Followed a simple recipe for beef summer sausage. 80/20 ground beef, 5 lbs. Used Kroger brand "meat tenderizer" (no MSG) along with some basic spices - pepper, red pepper, ground mustard etc. Now, the recipe called for 2.5 tbs of mustard seed. I did not have any so I used 2.5 tbs of ground mustard. Mixed all the spices and tenderizer together and then kneaded into the meat very well. Let sit 24 hrs, kneaded again, sit another 24 hrs. No casings on the meat.

I read a lot of places where you have to keep the temps down (to keep the fat from rendering) and I believe I succeeded there.

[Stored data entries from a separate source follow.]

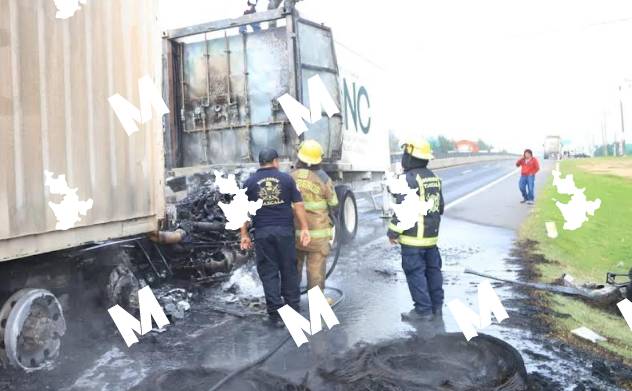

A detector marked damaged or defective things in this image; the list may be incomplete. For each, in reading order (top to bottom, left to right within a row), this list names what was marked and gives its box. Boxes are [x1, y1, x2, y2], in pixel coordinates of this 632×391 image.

burnt trailer wall [0, 0, 163, 264]
burned semi-trailer [0, 0, 165, 370]
burnt trailer wall [162, 9, 340, 171]
charred truck cab [160, 6, 390, 243]
burnt truck frame [160, 6, 392, 242]
burned semi-trailer [160, 6, 392, 243]
charred tire [336, 185, 356, 243]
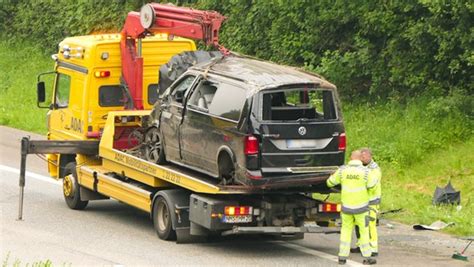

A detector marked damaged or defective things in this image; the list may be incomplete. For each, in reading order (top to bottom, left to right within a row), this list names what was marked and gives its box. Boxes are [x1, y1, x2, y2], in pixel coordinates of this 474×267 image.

damaged black van [143, 54, 346, 188]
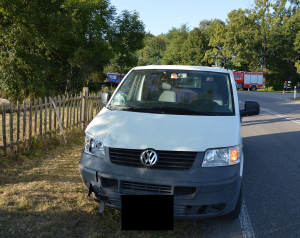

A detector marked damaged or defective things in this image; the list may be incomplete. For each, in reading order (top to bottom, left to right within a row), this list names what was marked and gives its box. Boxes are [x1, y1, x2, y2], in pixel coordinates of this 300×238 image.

dented hood [85, 107, 240, 152]
damaged front bumper [78, 151, 241, 219]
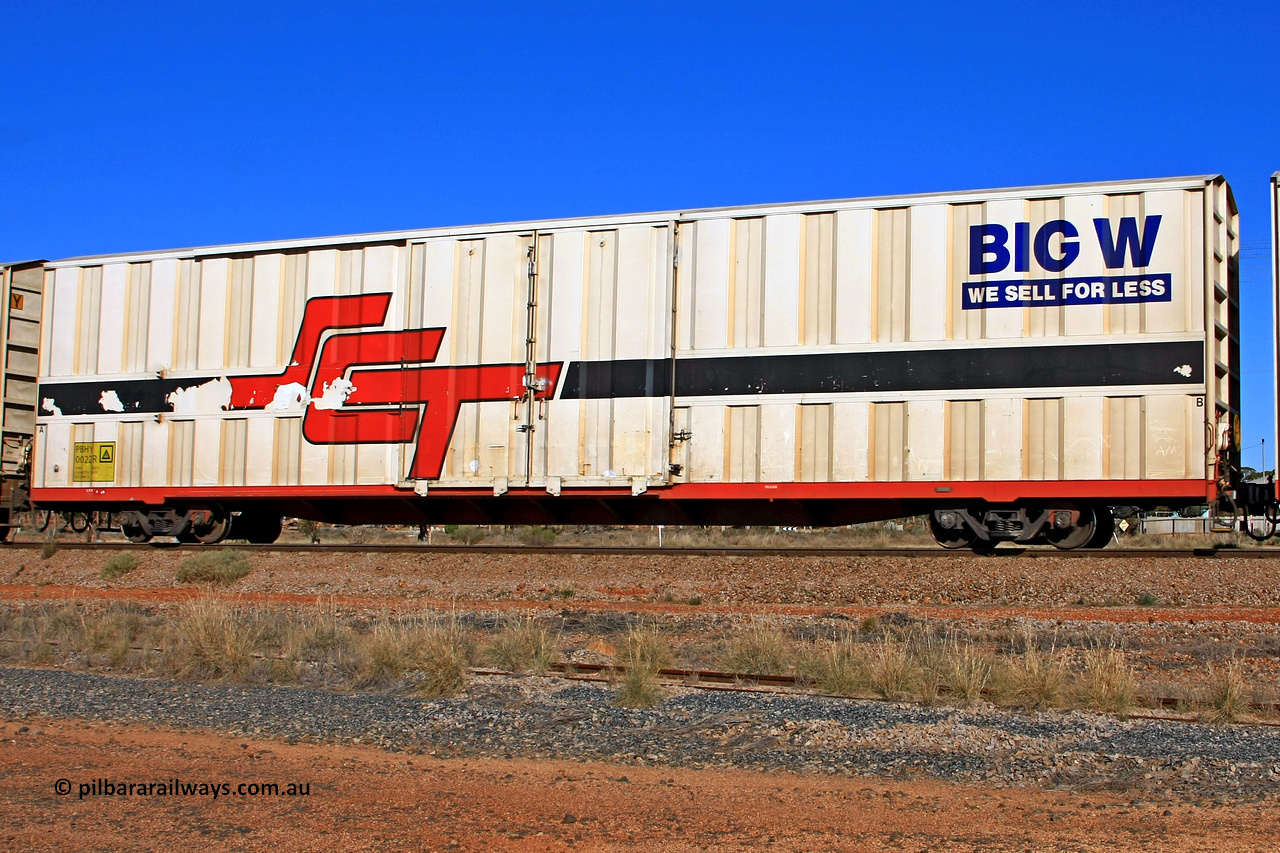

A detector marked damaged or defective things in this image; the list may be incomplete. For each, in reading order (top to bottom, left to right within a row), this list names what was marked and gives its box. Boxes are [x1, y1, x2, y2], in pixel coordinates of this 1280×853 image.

peeling paint patch [98, 389, 124, 412]
peeling paint patch [166, 379, 234, 414]
peeling paint patch [267, 384, 309, 412]
peeling paint patch [316, 376, 360, 409]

Filled the water pan with cold water and ice and the first 2 hours temps were below 150. 2 more hours the temps were between 150 and 180, got up to 200 once but not for long.

Pulled the meat and placed in the oven at 170 for several more hours then pulled it out once internal temp got to 150. Wrapped in plastic wrap and threw them in the fridge. Took out today and took a bite and had to wash my mouth out the taste was so bad. I can literally still taste it and it's been a few hours now. Horrible.

The sausages looked great, smelled great, nice and firm just like you'd buy from the store.

Spent hours and hours researching, reading and then of course on the prep and tending to the smoker. If they were a "little off" I wouldn't be so upset but they are inedible to say the least.

Any help would be greatly appreciated! Ps: I feel really stupid already so try and take it easy on me, lol!
post #2 of 19
There's lots of great recipes here. So I would suggest using the search feature and starting with one that looks good. Then modify it to your taste.

Ground spices and whole spices are different animals and shouldn't be crossed! Two tablespoons of whole, once ground is closer to about 3/4 tablespoons.

You didn't mention using any cure. You really should use cure #1.
post #3 of 19

Yes I think where you went wrong, was replacing the Bottled mustard for the Mustard Seed.   Like dirtsailor2003 said, the spices would not make near that much mustard if ground.

 

yeahthat.gif

post #4 of 19
I would also look at the meat tenderizer........ Dont know why you would put that in there....... You can also try a pre mix seasoning next time. This is some pretty good stuff also http://www.smokingmeatforums.com/t/115702/my-salami-kickoff-to-the-new-year-finished
post #5 of 19
If you were using the meat tenderizer as a cure replacement, then you're lucky it tasted bad.
Any time you smoke sausage with low temps like that you need to have Cure #1 included in the recipe.
post #6 of 19
Thread Starter 

Thanks guys.  I am doing more reading up on cures, etc.  I thought the main purpose of the Tender Quick (as called for in the original recipe, I THOUGHT the main reason for this was to tenderize the meat).  Can Morton's Tender Quick be used instead of Cure #1?

 

Yes, I will do some more reading and researching before attempting again.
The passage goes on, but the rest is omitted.